The legislation would also require the Forest Service to lift protections on some 36 million acres of inventoried roadless lands that it has not recommended Congress designate as wilderness, according to the bill’s sponsors.
“[Bridgeport] doesn’t think its voice has effectively been heard,” Bridgeport RPAC Chair Janelle Mills commented. “The WSAs are at our back door. What does or doesn’t happen to the WSAs affects Bridgeport.”
“For anyone to think [supporting HR 1581] is a total off the wall wish, it’s not. A lot of folks support it,” Hansen stated.
And a lot of folks oppose it. Opponents of the legislation — which has been dubbed the “Great Outdoors Giveaway” — and the RPAC’s resolution asserted that, while there is no mention of mining or large development, the language leaves the door open to them, and charged that the land is already open to multiple uses.
Much of the Board was clearly peeved at seeing Bodie Hills on the agenda yet again. “We’ve heard this at least a half-dozen times over the last 10 years. We put it behind us and later it’s on the agenda again,” Supervisor Byng Hunt carped. “I’m against Bodie
WSA release and against HR 1581, period. It’s the most absurd legislation I’ve ever seen.” Hunt also groused about what he said were six people sitting around a table in Bridgeport, who generated thousands of letters and emails [2,462 to be exact] in opposition.
Board Chair Hap Hazard was also in opposition. “To say I’m frustrated and angry about [seeing] this agenda item is an understatement,” Hazard blasted. “I [previously] brought an item forward that addressed this, and was roundly criticized. As far as I was concerned this was a closed, dead issue.”
During the Board’s March 8 meeting, Hazard floated a proposal he considered a last-ditch attempt at appeasing both sides, releasing the WSA, but setting aside both a sphere of influence for mining company Cougar Gold and establishing new wilderness north of Bodie State Park. The proposal was shot down, and Hazard washed his hands of the whole Bodie Hills issue.
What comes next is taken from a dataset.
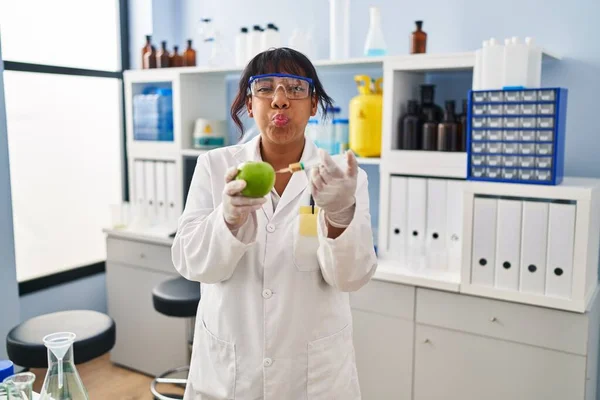 Hispanic Woman Working Scientist Laboratory Apple Puffing Cheeks Funny Face — Stockfoto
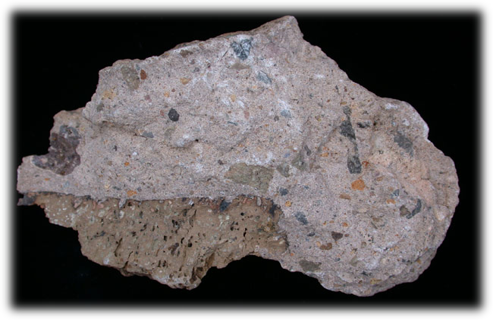 <p><span style="font-size: 12.8px; font-family: lato, sans-serif">igneous rock with pyroclastic texture &amp; mafic to felsic composition</span></p>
On Tuesday, he called HR 1581 an overly broad national piece of legislation into which Mono County had no business sticking its nose.
Critics of WSAs, such as Bridgeport local Ed Inwood, reiterated that WSAs were intended for short-duration study and therefore transitory by definition. Several said they’re not necessarily in favor of mining, but suggested the Bodie Hills might be better utilized for tourism and recreation, and perhaps even as a national monument.
“I don’t know if mining’s going to happen out there, but if we don’t get to the point where we can decide what we can do with the Bodie Hills, we’ll never have local control,” Bob Peters posited. “It has to be released.”
In Washington D.C., BLM Director Bob Abbey recently testified before the House National Parks, Forests and Public Lands Subcommittee that, although the agency had previously determined that more than 6 million acres of the total 12.7 million acres of WSAs were unsuitable for wilderness, those recommendations are out of date and do not reflect current circumstances. Abbey said the BLM would likely recommend more areas as suitable for wilderness designation; however, he didn’t elaborate as to which WSAs would be recommended.
The RPAC was left to forward a letter of support on its own initiative, should it so choose. What fate awaits HR 1581 is yet to be decided. The bill is in the first steps of the legislative process.